As computers and computer processors increase in performance, data transfer performance becomes a significant bottleneck on overall system performance, as no processor can run at maximum efficiency if that processor is incapable of quickly obtaining the data upon which it is operating. The particular interface-technology utilized to communicate data between a processor and various peripheral devices such as disk drives and other storage components, display adaptors, network adaptors, etc. in particular can be a significant source of such a bottleneck. In addition, in high performance computers such as servers, mainframe computers, midrange computers, such bottlenecks are particularly problematic due to the significant amount of data that needs to be transmitted between components to handle the heavy workloads to which such computers are commonly subjected.

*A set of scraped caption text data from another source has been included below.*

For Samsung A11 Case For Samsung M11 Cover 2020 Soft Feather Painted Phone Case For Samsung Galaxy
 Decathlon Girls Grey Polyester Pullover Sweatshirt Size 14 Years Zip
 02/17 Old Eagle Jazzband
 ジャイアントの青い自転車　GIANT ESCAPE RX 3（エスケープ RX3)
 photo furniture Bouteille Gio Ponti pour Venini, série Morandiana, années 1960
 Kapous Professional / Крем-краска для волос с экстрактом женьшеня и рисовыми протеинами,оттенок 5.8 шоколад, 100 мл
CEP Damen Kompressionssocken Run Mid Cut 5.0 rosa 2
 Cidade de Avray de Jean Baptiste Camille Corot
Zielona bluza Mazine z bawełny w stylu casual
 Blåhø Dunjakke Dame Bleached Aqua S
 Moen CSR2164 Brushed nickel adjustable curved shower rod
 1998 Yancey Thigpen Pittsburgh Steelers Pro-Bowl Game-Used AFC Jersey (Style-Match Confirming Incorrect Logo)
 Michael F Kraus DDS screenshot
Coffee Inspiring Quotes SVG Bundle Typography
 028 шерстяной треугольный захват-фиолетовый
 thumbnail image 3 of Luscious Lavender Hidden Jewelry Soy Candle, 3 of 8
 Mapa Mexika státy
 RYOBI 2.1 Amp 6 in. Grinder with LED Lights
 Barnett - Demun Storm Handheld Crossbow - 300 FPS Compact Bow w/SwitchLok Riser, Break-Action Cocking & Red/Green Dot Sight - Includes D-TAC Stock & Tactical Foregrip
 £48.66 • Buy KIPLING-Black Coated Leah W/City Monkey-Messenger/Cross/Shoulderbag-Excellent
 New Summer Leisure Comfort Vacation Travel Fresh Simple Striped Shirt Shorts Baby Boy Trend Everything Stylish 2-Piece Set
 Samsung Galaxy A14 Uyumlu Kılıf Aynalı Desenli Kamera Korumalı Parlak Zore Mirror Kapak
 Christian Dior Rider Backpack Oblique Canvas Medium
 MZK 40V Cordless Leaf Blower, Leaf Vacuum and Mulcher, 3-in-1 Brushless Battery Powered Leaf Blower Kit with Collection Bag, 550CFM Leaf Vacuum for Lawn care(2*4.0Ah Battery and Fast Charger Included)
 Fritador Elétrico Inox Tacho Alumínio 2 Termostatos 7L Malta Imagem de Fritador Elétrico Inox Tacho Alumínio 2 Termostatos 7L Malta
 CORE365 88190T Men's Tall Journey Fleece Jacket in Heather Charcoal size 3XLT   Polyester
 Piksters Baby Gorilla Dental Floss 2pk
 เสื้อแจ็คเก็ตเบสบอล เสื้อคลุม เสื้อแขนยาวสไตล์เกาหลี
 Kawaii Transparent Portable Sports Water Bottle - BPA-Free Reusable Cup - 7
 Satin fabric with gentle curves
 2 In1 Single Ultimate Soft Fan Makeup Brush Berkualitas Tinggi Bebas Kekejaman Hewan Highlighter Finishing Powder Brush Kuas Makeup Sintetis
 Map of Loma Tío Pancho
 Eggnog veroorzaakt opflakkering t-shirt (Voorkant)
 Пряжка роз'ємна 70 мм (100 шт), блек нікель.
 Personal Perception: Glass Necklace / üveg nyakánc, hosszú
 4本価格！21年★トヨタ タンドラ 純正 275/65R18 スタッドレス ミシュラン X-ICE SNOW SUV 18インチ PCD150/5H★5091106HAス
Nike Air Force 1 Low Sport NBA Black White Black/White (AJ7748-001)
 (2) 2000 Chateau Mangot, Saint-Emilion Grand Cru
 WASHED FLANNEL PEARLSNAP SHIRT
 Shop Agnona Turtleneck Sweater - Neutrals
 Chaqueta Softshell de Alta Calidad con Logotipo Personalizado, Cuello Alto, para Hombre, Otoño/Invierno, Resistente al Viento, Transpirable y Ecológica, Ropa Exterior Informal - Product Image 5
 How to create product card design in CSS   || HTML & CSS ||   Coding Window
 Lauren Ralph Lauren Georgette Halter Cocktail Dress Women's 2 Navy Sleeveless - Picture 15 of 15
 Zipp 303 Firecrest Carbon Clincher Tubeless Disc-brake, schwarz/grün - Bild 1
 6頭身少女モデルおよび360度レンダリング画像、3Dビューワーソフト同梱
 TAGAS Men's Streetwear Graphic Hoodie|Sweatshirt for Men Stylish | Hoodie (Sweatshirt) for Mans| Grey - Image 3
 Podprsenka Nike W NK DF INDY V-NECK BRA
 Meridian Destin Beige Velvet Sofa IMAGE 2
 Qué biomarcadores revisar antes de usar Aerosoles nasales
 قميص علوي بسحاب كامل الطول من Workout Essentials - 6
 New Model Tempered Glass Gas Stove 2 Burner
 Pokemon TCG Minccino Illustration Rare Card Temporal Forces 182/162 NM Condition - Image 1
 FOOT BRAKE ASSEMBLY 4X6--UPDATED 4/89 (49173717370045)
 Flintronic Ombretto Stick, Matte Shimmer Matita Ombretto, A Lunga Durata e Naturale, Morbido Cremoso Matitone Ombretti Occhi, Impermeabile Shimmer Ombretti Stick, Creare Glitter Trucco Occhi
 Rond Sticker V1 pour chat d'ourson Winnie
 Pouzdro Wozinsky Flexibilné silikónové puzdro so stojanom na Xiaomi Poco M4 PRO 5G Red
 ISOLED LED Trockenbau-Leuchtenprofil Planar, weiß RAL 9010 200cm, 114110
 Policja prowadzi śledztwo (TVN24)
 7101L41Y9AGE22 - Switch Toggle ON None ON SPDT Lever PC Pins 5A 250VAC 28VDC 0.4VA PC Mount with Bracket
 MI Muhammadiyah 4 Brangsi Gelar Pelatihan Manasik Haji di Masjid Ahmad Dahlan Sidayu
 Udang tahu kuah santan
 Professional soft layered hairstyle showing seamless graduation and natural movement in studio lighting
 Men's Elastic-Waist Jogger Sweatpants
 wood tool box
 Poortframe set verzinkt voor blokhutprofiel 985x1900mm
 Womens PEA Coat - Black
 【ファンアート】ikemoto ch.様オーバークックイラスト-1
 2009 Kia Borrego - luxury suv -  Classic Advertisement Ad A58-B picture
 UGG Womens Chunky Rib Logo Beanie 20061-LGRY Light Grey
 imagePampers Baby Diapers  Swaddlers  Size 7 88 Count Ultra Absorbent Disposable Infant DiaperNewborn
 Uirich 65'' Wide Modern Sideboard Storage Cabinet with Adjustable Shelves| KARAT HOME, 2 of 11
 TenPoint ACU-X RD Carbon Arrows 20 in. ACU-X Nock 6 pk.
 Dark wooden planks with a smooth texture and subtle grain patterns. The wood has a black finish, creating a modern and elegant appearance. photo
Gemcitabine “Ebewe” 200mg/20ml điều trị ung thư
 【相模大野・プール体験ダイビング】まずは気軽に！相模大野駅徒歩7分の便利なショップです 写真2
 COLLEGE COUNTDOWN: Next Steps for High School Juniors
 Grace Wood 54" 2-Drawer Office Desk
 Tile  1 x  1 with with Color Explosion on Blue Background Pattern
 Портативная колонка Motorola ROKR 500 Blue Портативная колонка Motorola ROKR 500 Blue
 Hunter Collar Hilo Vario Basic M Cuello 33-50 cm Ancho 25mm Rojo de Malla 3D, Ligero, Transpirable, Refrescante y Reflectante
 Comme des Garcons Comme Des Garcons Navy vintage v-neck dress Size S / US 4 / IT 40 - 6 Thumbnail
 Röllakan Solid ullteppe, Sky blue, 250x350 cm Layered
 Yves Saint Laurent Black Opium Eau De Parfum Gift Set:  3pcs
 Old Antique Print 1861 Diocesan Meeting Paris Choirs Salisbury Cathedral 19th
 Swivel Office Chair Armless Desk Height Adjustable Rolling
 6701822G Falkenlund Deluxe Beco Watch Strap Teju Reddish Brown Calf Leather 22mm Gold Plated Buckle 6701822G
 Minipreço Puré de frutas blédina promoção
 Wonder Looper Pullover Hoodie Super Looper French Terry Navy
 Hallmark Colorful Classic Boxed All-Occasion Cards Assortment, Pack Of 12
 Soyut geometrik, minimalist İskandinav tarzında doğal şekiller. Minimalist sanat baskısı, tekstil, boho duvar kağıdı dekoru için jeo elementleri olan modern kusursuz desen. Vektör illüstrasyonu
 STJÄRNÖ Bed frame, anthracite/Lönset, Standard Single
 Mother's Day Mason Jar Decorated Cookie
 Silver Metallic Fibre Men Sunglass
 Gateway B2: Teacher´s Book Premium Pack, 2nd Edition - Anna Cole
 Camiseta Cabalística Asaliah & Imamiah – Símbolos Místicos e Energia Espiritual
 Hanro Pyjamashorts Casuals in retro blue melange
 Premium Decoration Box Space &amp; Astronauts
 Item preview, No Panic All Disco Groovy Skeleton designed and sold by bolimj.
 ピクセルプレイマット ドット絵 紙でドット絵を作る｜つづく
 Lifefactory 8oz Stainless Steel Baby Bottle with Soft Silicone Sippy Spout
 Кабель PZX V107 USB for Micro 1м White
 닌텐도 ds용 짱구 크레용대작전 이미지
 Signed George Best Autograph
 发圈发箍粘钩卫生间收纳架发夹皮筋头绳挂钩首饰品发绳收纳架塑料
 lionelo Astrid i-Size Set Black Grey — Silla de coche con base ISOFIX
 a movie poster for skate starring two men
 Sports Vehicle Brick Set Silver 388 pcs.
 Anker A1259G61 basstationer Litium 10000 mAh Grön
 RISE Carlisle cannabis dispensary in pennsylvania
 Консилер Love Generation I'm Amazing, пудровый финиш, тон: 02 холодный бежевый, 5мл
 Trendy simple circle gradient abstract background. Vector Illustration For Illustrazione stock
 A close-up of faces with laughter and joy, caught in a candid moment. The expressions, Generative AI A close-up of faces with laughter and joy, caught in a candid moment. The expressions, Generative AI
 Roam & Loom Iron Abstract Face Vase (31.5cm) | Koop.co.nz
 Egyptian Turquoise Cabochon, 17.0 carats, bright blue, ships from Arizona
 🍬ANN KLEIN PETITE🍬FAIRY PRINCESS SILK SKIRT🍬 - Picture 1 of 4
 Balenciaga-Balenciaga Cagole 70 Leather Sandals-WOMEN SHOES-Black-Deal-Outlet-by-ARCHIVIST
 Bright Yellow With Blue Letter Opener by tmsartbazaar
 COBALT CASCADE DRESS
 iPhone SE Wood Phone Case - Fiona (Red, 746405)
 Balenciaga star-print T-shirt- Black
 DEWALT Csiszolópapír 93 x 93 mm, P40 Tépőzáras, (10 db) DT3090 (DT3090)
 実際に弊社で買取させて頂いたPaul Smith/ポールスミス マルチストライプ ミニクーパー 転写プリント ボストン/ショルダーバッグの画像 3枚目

For communicating with peripheral components, a number of interconnect technologies have been developed over the years. One such interconnect technology is the Peripheral Component Interconnect (PCI) standard, which was originally developed to interface peripheral cards mounted in slots to a local processor in a computer, but which has since been refined through various followup standards to support higher bandwidth applications such as in servers and other high performance computers. One such followup standard is the PCI-X standard, which in Version 1.0 implemented the use of split transactions, as well as a higher clock frequency, to increase the overall bandwidth of a PCI bus.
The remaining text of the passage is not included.